The experienced sailor, who works as a crew on a tall ship in "normal life", spent almost four years building his tiny sailboat. Although "boat" is actually not the right word. While the builders of companions for such extreme achievements tried to give the appearance of a ship's DN, Matthew Kent consistently relies on a design in which the word "washing machine" spontaneously shoots through your head. His "Undaunted" is an aluminum structure six millimeters below the waterline and four above it, equipped with a single, very rudimentary sail. The American has published the first videos of his "Undaunted" on his Facebook page.
The skipper stands or sits halfway in his sail cube, which has an amazing 1.5 meter keel with a 200 kilo lead bomb so that he does not constantly capsize. But even if that should happen, he is sure that the boat will straighten up again. At 1.06 meters in length, it is almost 60 centimeters shorter than the tiny Hugo Vihlen, who has held the record since 2008. Such records are not official, however, all current sailing institutions refuse; to recognize them as too dangerous. Even the "Guinness Book of Records" has so far recorded all of Kent's attempts to document the record attempt that he wants to start in Gomer from the beginning of April (… but not on April 1st!). The goal is to be Florida, a journey of over 4,000 nautical miles.

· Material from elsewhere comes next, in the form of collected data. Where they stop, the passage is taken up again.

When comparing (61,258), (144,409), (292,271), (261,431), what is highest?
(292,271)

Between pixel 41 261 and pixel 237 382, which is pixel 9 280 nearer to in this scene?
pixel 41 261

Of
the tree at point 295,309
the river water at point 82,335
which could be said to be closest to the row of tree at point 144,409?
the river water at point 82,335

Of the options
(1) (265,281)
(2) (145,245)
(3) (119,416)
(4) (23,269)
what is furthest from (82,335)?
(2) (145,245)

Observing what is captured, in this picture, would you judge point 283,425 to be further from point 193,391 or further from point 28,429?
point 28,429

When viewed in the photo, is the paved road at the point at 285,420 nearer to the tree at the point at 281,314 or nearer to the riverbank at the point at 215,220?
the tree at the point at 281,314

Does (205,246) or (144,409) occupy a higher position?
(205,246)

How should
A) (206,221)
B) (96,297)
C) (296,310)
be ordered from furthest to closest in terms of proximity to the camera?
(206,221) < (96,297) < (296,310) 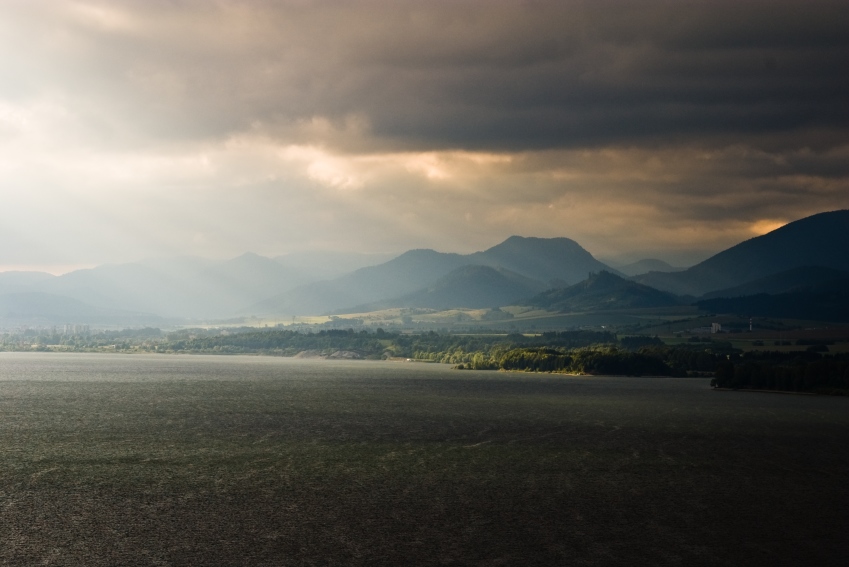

This will be correspondingly tough with the vehicle: The American expects a maximum speed of 2.5 knots, which means about three to four months of travel time. And that includes 0.5 knots of electricity in the back. With a boat weight of over 800 kilos and an estimated three square meters of sail area, no wonder. More information about the boat gives you an idea of what to expect at the time: Inside, he can only stand or sit halfway. Sleeping is only possible in a kind of embryo position.
One of the biggest problems with such small boats and such long journeys is naturally the storage of provisions. According to Matthew Kent, the size of energy bars actually plays a decisive role in the dimensions. He wants to eat mainly freeze-dried food, which he mixes with water. The boat has two 150 liter water tanks and two watermakers that are operated by hand. There is a view of the outside through a plexiglass dome, which can be closed in bad weather. The cabin is then ventilated through the mast, which acts as a snorkel.
An AIS, GPS and an Epirb are supposed to ensure "safety" on board. Electricity is generated by solar cells and a hand generator.
The YACHT had already reported on the bizarre scene of the "micro yachts" in 2008 (issue 25/2008), at that time there was a small boom in the whimsical vehicles.